START STORED DATA

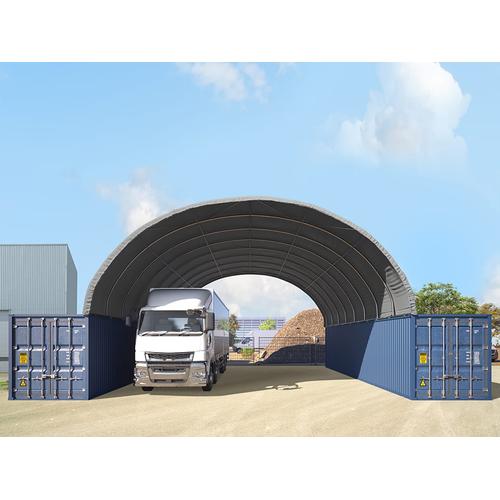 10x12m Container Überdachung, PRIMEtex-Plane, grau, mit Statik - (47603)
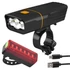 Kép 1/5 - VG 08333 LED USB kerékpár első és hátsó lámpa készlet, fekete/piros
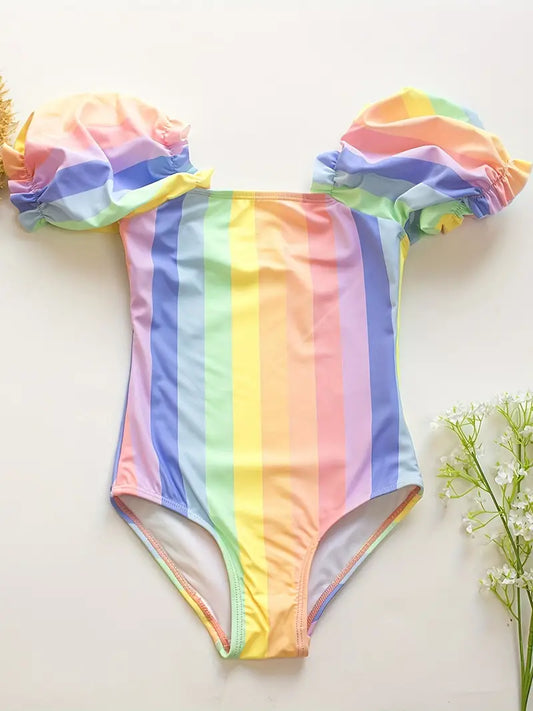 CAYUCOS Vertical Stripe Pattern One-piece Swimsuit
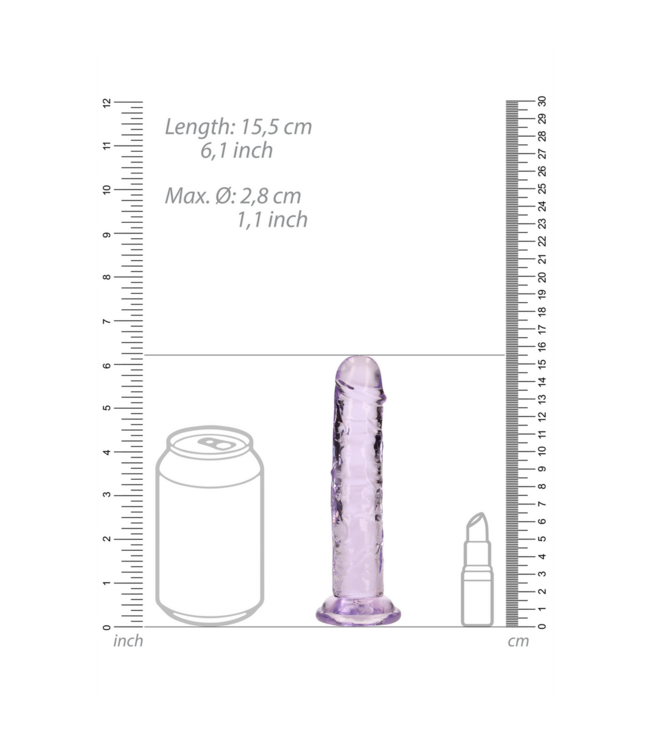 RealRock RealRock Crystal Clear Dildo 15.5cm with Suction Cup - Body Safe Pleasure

END STORED DATA
START STORED DATA

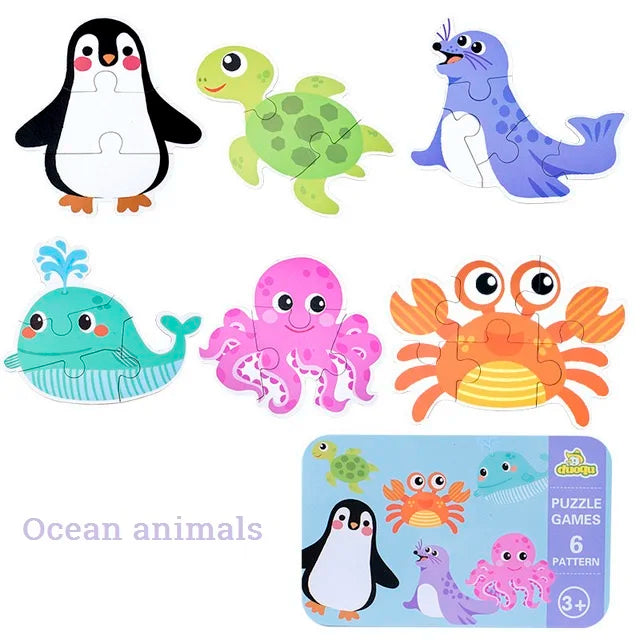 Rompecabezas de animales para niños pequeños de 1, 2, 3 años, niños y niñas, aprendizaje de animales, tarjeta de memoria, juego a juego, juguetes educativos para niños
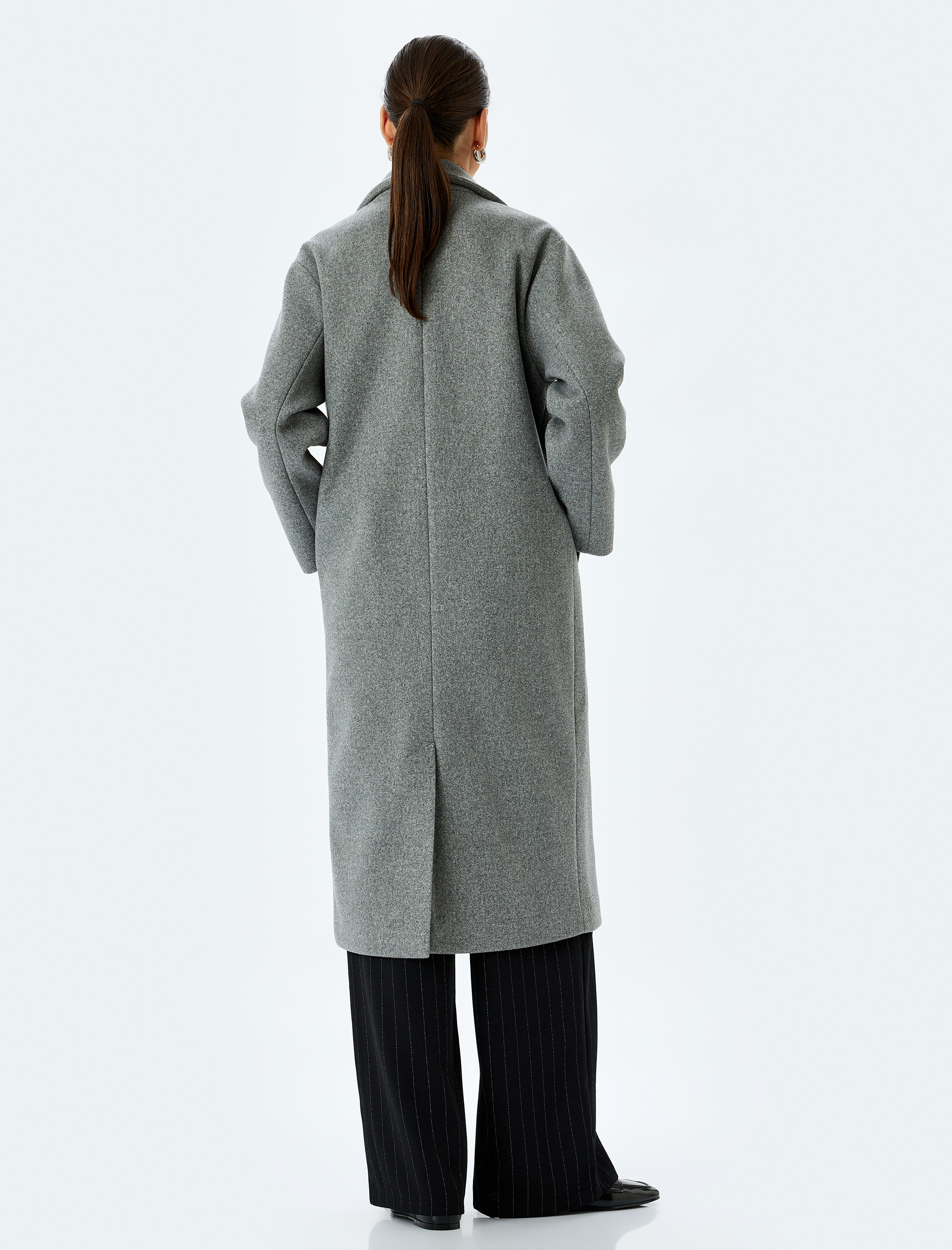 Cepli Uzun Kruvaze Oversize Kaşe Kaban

END STORED DATA

DIRECTIONS = If a picture sits between the line containing "10x12m Container Überdachung, PRIMEtex-Plane, grau, mit" and the line containing "RealRock RealRock Crystal", leave it out, and return the lines of that range above exactly, both ends included.

ANSWER SECTION =
 10x12m Container Überdachung, PRIMEtex-Plane, grau, mit Statik - (47603)
 Kép 1/5 - VG 08333 LED USB kerékpár első és hátsó lámpa készlet, fekete/piros
 CAYUCOS Vertical Stripe Pattern One-piece Swimsuit
 RealRock RealRock Crystal Clear Dildo 15.5cm with Suction Cup - Body Safe Pleasure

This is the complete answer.